Extended physics-informed extreme learning machine for linear elastic fracture mechanics

The machine learning (ML) methods have been applied to numerical solutions to partial differential equations (PDEs) in recent years and achieved great success in PDEs with smooth solutions and in high dimensional PDEs. However, it is still challenging to develop high-precision ML solvers for PDEs with non-smooth solutions. The linear elastic fracture mechanics equation is a typical non-smooth problem, where the solution is discontinuous along with the crack face and has the radial singularity around the crack front. The general ML methods for the linear elastic fracture mechanics can achieve a relative error for displacements, about 10⁻³. To improve the accuracy, we analyze and extract the singular factors from the asymptotic expansions of solutions of the crack problem, such that the solution can be expressed by the singular factor multiplied by other smooth components. Then the general ML methods are enriched (multiplied) by the singular factor and used in a physics-informed neural network formulation. The new method is referred to as the extended physics-informed ML method, which improves the approximation significantly.

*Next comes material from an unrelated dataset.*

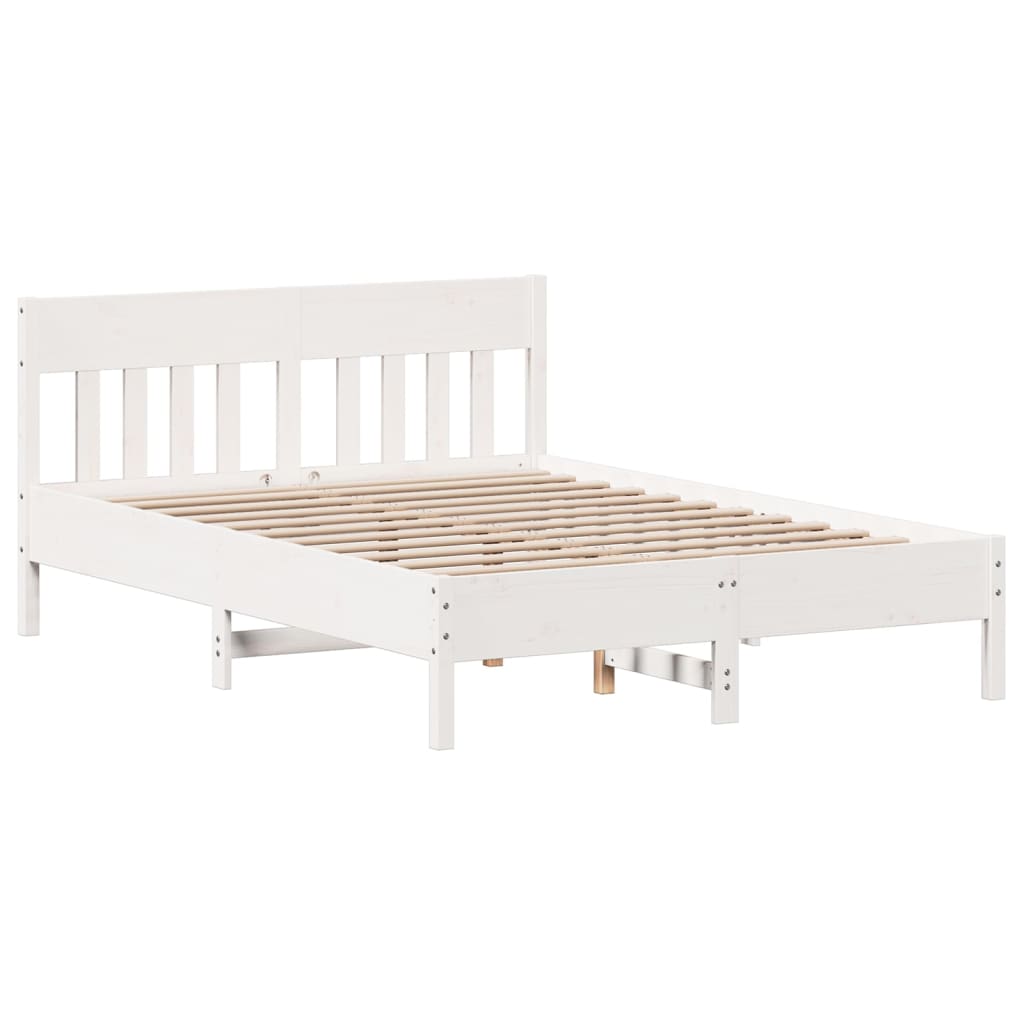 Okvir kreveta bez madraca bijeli 140x200 cm od masivne borovine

We consider two typical ML methods, fully connected neural networks and extreme learning machine, where the extended physics-informed ML based on the extreme learning machine (XPIELM) achieves the relative errors about 10⁻¹². We also study the stress intensity factor based on the XPIELM, and significantly improve the approximation of the stress intensity factor. The proposed XPIELM is applied to a two-dimensional Poisson crack problem, a two-dimensional elasticity problem, and a fully three-dimensional edge-crack elasticity problem in the numerical tests that exhibit various features of the method.